Posted - 01/27/2011 :  10:14:38 AM  Show Profile Send Tails a Private Message  Reply with Quote
SEC looks at Cahill, Goldman Sachs

By Frank Phillips
Globe Staff January 24, 2011

The US Securities and Exchange Commission has delivered subpoenas to the state treasurer’s office in a wide-ranging request for documents concerning dealings between investment banking giant Goldman Sachs and former treasurer Timothy P. Cahill, onetime top staff members, and former campaign aides, according to an official briefed on the document request.

The agency’s subpoenas, which seek e-mails, phone records, schedules, files, and memorandums, come just over a month after Goldman Sachs removed itself from two state bond deals in Massachusetts following the disclosure that a vice president at the firm, Neil Morrison, was active in Cahill’s 2010 gubernatorial campaign, which could violate federal securities regulations. Morrison had previously served as a top deputy to Cahill in the treasurer’s office.

The SEC served the papers just before the close of business Friday, catching the new treasurer, Steven Grossman, and his staff off guard.

A spokesman for Grossman said the treasurer would not comment on details of what federal regulators are seeking but said his staff is quickly assembling the requested material.

“We are cooperating fully and promptly with the US Securities and Exchange Commission’s request for documents consistent with our commitment to running a transparent and accountable Treasury,’’ the spokesman, Al Gordon, wrote in an e-mail yesterday. “Due to the nature of this matter, we cannot comment further.’’

A spokesman for Goldman Sachs, Michael DuVally, said yesterday the firm would have no comment. Cahill also declined to comment, telling the Globe he had not yet been informed of the subpoenas. “This is the first I heard of it, so I can’t really comment,’’ he said. The SEC also would not comment on the subpoenas. It is not clear from the subpoenas alone what direction the federal investigation is taking. An official who has been briefed on the documents said that they refer specifically to Goldman Sachs and seek all communications between Cahill’s office and Morrison and the investment bank dating back to June 1, 2008. The SEC, the official said, also asked for documents from the state Lottery and School Building Assistance authority, both of which are under the treasurer’s control.

The breadth of the subpoenas suggests federal regulators could be looking at possible connections between Cahill’s work as treasurer and his gubernatorial campaign, which was the subject of a separate investigation launched last year by the state attorney general’s office.
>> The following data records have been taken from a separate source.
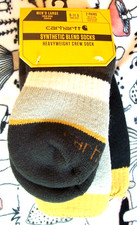 CARHARTT 2 Pairs "CLASSIC" HEAVYWEIGHT CREW SOCKS Blk/Gray -Large 9-11.5/10-12.5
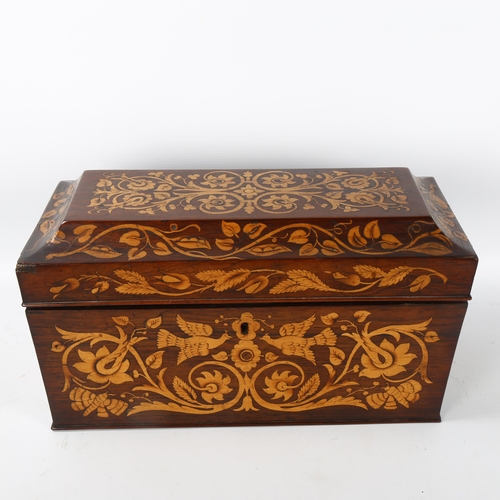 77 - 19th century rosewood and boxwood marquetry inlaid sarcophagus-shaped tea caddy, length 36.5cm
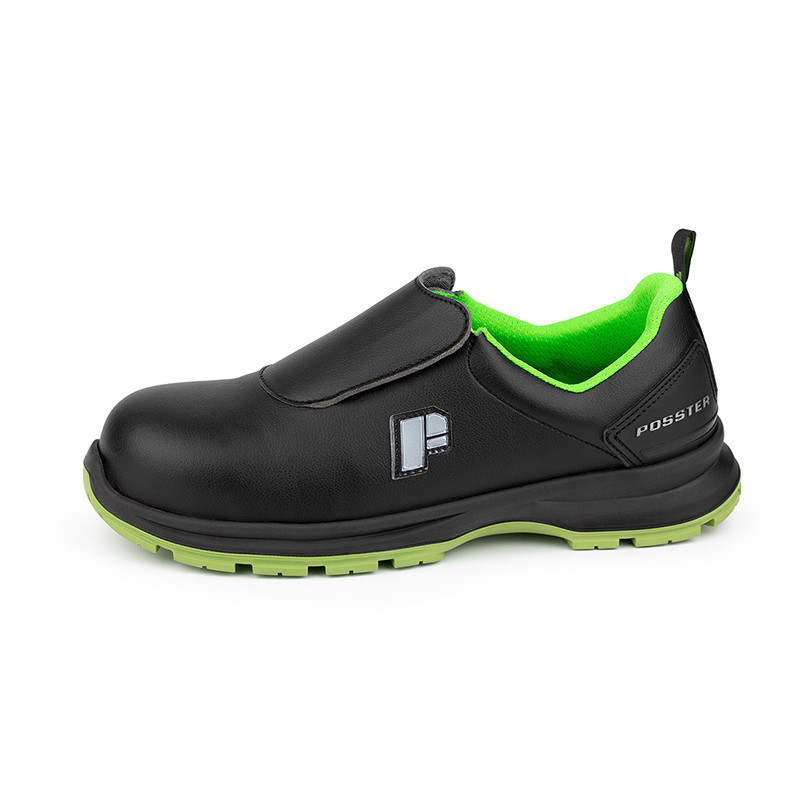 BLACK SHOES WITH TOE CAP TESEO S2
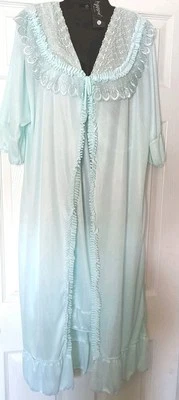 Camisón sedoso sin mangas con bata talla XL azul espuma de mar bordado encaje floral   Foto 1 de 4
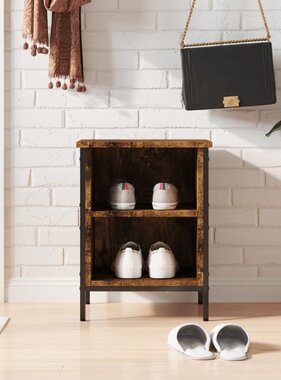 VidaXL Schoenenkast 38x35x50 cm bewerkt hout gerookt eikenkleurig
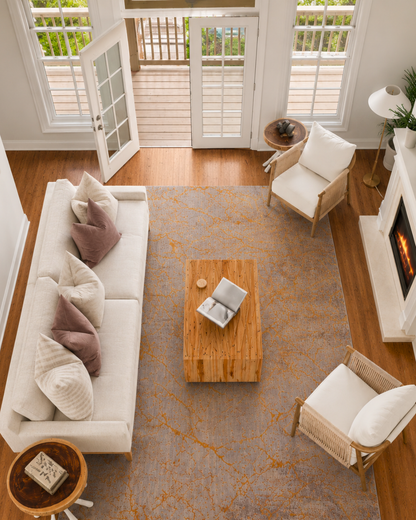 Feizy Pryor Rug 39NEF Copper Multi abstract rug overhead living room view
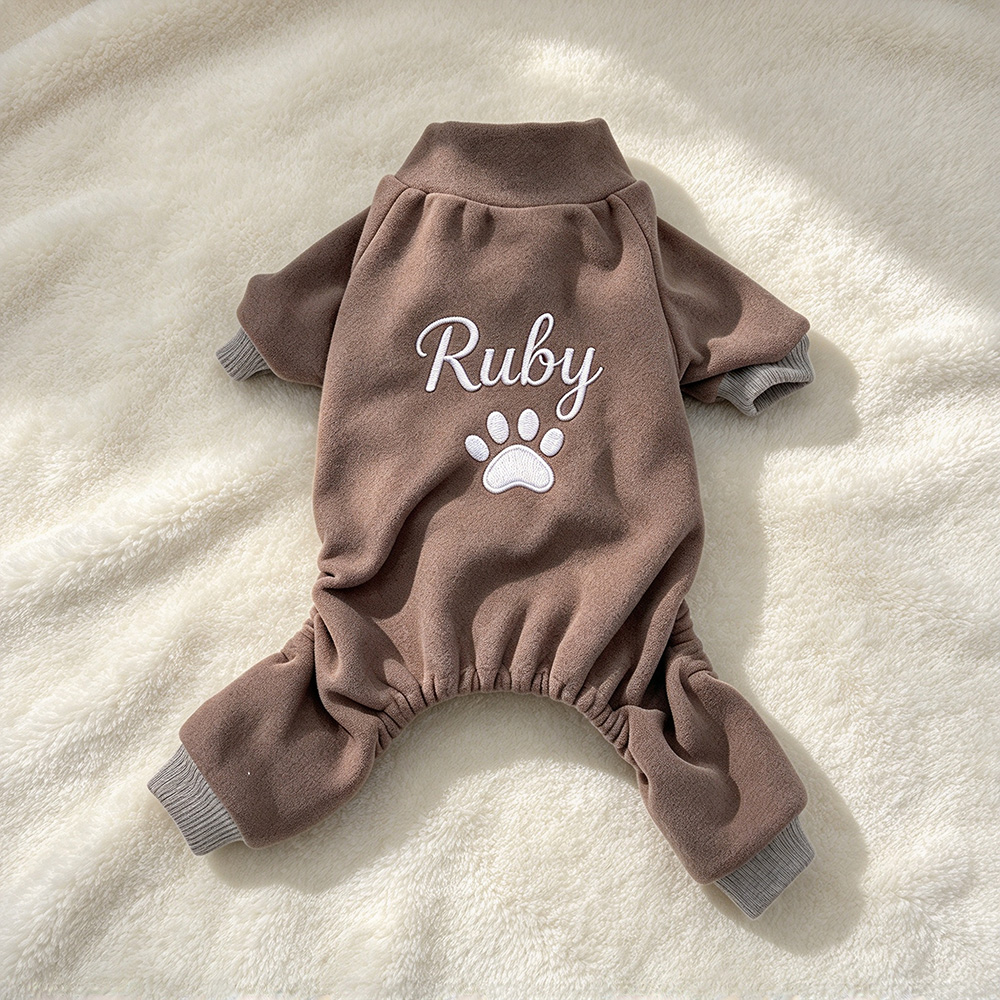 Personalized Hand Embroidery Pets Winter Warm Four-Legged Jumpsuit | BKPet610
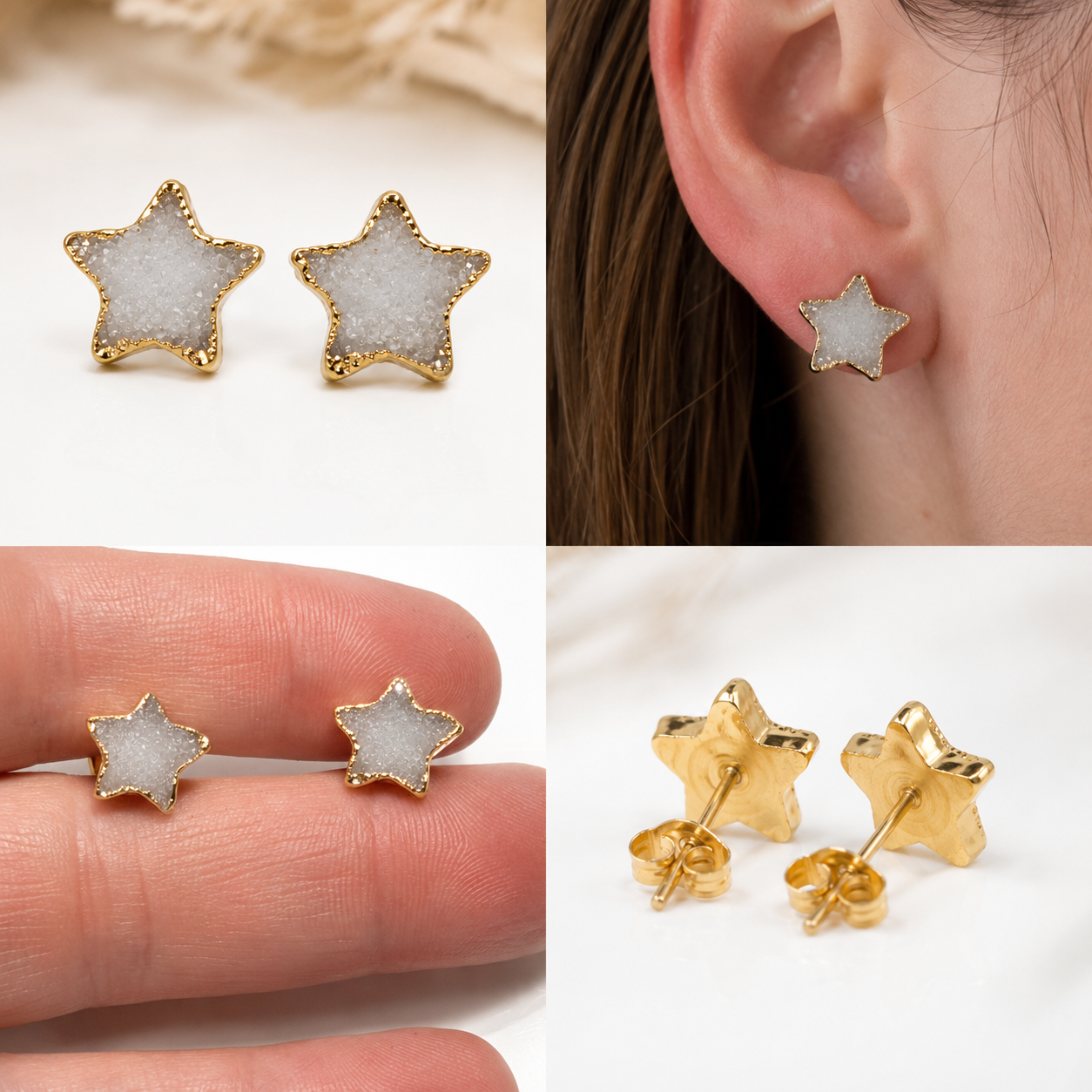 OOAK White Druzy Star Stud Earrings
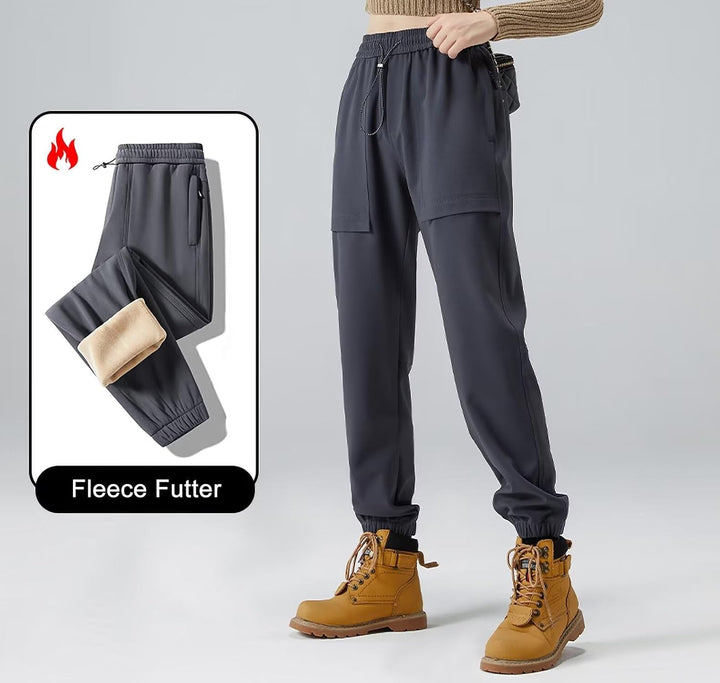 FLYGAGA Damen Wanderhose Wasserdicht Softshellhose Jogginghose Fleece Gefüttert Warm Winddicht Winte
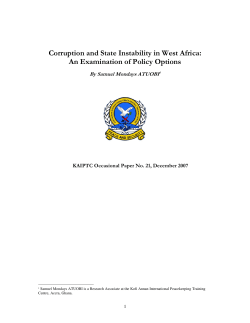 Corruption and State Instability in West Africa: An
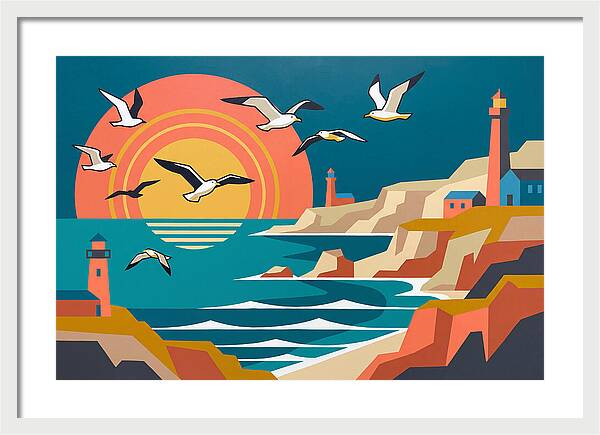Seabirds Over Coastal Sunset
Named in the subpoenas are Cahill; his former chief of staff, Scott Campbell, who left state government last year to help manage Cahill’s campaign; deputy treasurer Colin MacNaught, who oversaw bond issuances under Cahill; Amy Birmingham, a top aide on Cahill’s gubernatorial campaign; and political finance consultant Laurie Bosio, a major political fund-raiser for Cahill in his bid for governor.

Morrison’s role in the campaign, which he has downplayed, could trigger SEC regulations that sharply restrict public-finance bankers from contributing to political figures and elected officials who issue public bonds.

The Globe reported last June that Morrison negotiated a $455.9 million bond with a state water-pollution control board that Cahill chairs and operates within the treasurer’s office.

As part of a civil lawsuit Cahill filed against ex-advisers during the gubernatorial campaign, Morrison was identified as a “top political adviser’’ to Cahill. Documents filed in the suitincluded a copy of an e-mail that Morrison sent from his private account to two consultants for thecampaign, in which he accepts, on Cahill’s behalf, the terms of a contract between the campaign and the consultants. Such work could be considered an in-kind contribution to the Cahill committee. If it was done on company time and if its value exceeds the $250 limit set by the SEC, Morrison, under federal regulations, could face fines and lose his broker’s license. The e-mail was sent during working hours on Friday, Aug. 13. Morrison, who is leaving his position at Goldman Sachs later this month, declined to comment yesterday when asked about the subpoenas or the campaign work. In an abbreviated response to Bloomberg News last month about the issue, hereferred to his political role as minor. There was no “formal role with the Cahill committee,’’ he said. The SEC could impose penalties on Goldman Sachs, including banning it from underwriting bondofferings by the state treasurer’s office for two years, according to federal regulations. Complicating the issue is Morrison’s role in negotiating the bond deal with the Massachusetts Water Pollution Abatement Trust board last spring. The banking firm earned an estimated $2 million in fees on the deal. The subpoenas also seek documents from the trust and its dealings with Goldman Sachs.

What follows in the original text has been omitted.